ARRvol34 master reduced - Flipbook - Page 57
Hurricane
Erica Tendall
Her shoes had carried her back home, once again. She vowed to
be more determined this time. She just needed a reason to stay.
And she met him at the blood bank. They sat opposite one another
- her skirt was short and pulled in a taut line across the tops of her
thighs. As the bags filled, he wondered how the viscosities of their
blood could look so different, and then he concentrated on the dark
space between her thighs, a small scar on her knee, and on down to
her ankles, which tapered into impossibly white slippers. So white,
despite the way it had been storming outside. He shifted. She was
at the same time noticing the contrast of his large, pale, free hand
against a black drawstring bag in his lap. The object concealed inside the bag had a peculiar shape to it, and his surprisingly delicate
fingers secured its contours, like it was his courage. He looked up.

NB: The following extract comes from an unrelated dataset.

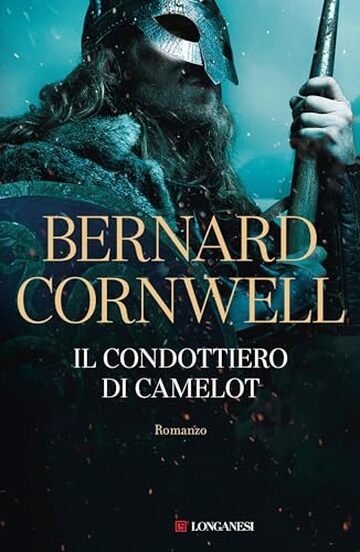 Il condottiero di Camelot (La Saga di Excalibur)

The tiny dark veins visible under the translucent skin beneath his
eyes made her shift in her seat too.
“O negative,” she guessed.
“You’re good,” he said.
They left together. She touched him first, lightly on one of those
hands, and it was to stop him from opening his umbrella.
“I like to feel it when it actually comes down with some effort,” she
said, her face pointed to the sky. They walked against the weather along the wet sidewalks with raindrops drumming their heads.
When it let up, she saw wavering reflections of themselves together
in puddles as the street lights began to come on in the Sunset. The
rain washed away the smell of piss at the corner of 9th and Irving,
replacing it with the distinct and fleeting smell of crawling, moist
earth, living just beneath the concrete and petroleum casing that
was the city.
“My buddy’s working tonight,” he said, cocking his head toward a
neon sign shaped like a martini glass, its light beckoning insistently.